And another, 2 weeks after a hurricane. We were evacuating and she squiggled free and bolted as I was putting her in the carrier. I looked for as long as I dared but finally we had to go. Broke my heart. two weeks later I found her not too far from home, but so turned around and confused she'd never have made it back.

So keep looking.


----------



## lillyandquigly (Nov 24, 2011)

I have been, but it's been nearly three weeks now


----------



## Graceful (Apr 30, 2013)

Sending good vibes for you kitty. <3


----------



## charislynne (May 2, 2013)

has he come home yet???

i bet you'll say no, but i feel so sorry for you. I'll be praying that he comes home.


----------



## lillyandquigly (Nov 24, 2011)

No  Sadly he's not home yet, I keep on imagining him around places by my house. Thanks for your prayers


----------



## charislynne (May 2, 2013)

so sorry to hear


----------



## Sebastian1444 (Jul 19, 2013)

Cats are tough! My cat scares all the dogs in the hood, so if my cat can do that, then your cat could be tough on those coyotes and raccoons! Maybe he just went on a little adventure and is coming home safe and sound shortly!


----------



## lillyandquigly (Nov 24, 2011)

Sadly, if he ran into our coyotes out here, he probably wouldn't survive. The coyotes around here are the size of a small lab


----------



## Sebastian1444 (Jul 19, 2013)

Oh, well there is still hope


----------



## jag14 (Sep 23, 2012)

I hope your baby finds his way home.
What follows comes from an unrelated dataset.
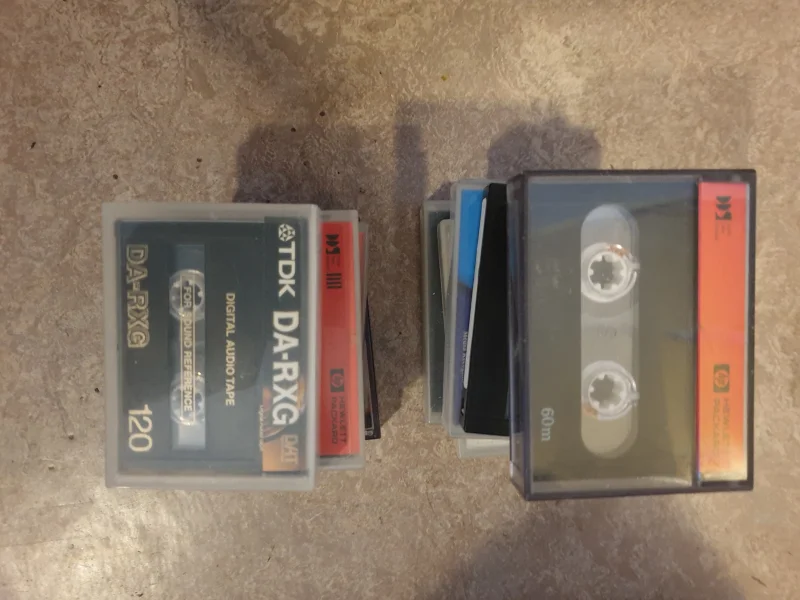 Pioneer Hpm-300 samt Pioneer Ct-F900, DAT kassetter - Bild 2 av 3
He looks like a tough guy. Years back, on the Air Force base, we had a gray and white tomcat who prowled the whole area. I went looking for him and found him 2 streets away in someone's yard. They had given him a name and everything. His real name was Tom also, he just liked to go visit other places and see what they would feed him. Don't give up hope, cats are funny that way. He is a pretty boy.


----------



## lillyandquigly (Nov 24, 2011)

Thanks Jag, he was probably my best friend (aside from some human friends), I really hope he comes home


----------



## jag14 (Sep 23, 2012)

You never know with a cat, what they will do. In my first marriage, I had a grey tabby, who was definitely my best friend. The first husband often accused me of loving the cat more than him... You know, that's kind of the way things were at the time. I got more love from a purring ball of fur than him. I should have known something was wrong about him, when my dog, Lady, tried to bite him when we first started dating. The dog was smarter than I was.


----------



## lillyandquigly (Nov 24, 2011)

It's crazy, animals always seem to just know when something's up. I really hope eventually I can come on here and say, "Found him," really bad. If he's not back by next years spring though, I have to get a kitten (good/bad), there's a lot of cats around here and if we don't have one that will actually fight for his territory then we're gonna have a stinky smelling porch. I don't think he's coming back though, I have this sixth sense with animals, any animal I've ever lost I've known was going to be lost


----------



## lillyandquigly (Nov 24, 2011)

So...turns out I'm getting a kitten from my friend, probably sometime this week. I really hope Tommy comes back so he can meet the little guy


----------



## nmaybyte (Mar 13, 2011)

If it's any help, cats respond well to familiar sounds and smells. If you have a particular kind of perfume / deodorant that he would know, you could try spraying some on a blanket and leaving him some food out. I know it's been a while since he left, about two to three weeks, so he may just be out roaming and piddling. Is he fixed?


----------



## lillyandquigly (Nov 24, 2011)

Yeah he's fixed, I've tried doing all of that, he just won't come home though


----------



## Graceful (Apr 30, 2013)

Still keeping your kitty in my thoughts. Really hoping he comes home. <3

Congrats on the new kitten!


----------



## lillyandquigly (Nov 24, 2011)

thanks only problem is, I have to raise this kitty outside. I'm building an enclosure that's safe that i'll keep him in when I babysit, so that he's safe


----------



## jag14 (Sep 23, 2012)

The new kitten I have is a cuddle cat. Spent most of last night on my husband's lap sleeping while he watches tv. He put her on my shoulder during "Under the Dome" and she stayed asleep cuddled up to my head. Good luck with the new baby, still hope Tommy finds his way home soon.


----------



## lillyandquigly (Nov 24, 2011)

Thanks I had a bad day yesterday, I cried a lot for Tommy. I just hope that if he won't come home he's with another family. The kittens my friend has left are one female (black and white) and two orange males. I want a male so I think I'll get one of those. I'm planning on naming him Romeo


----------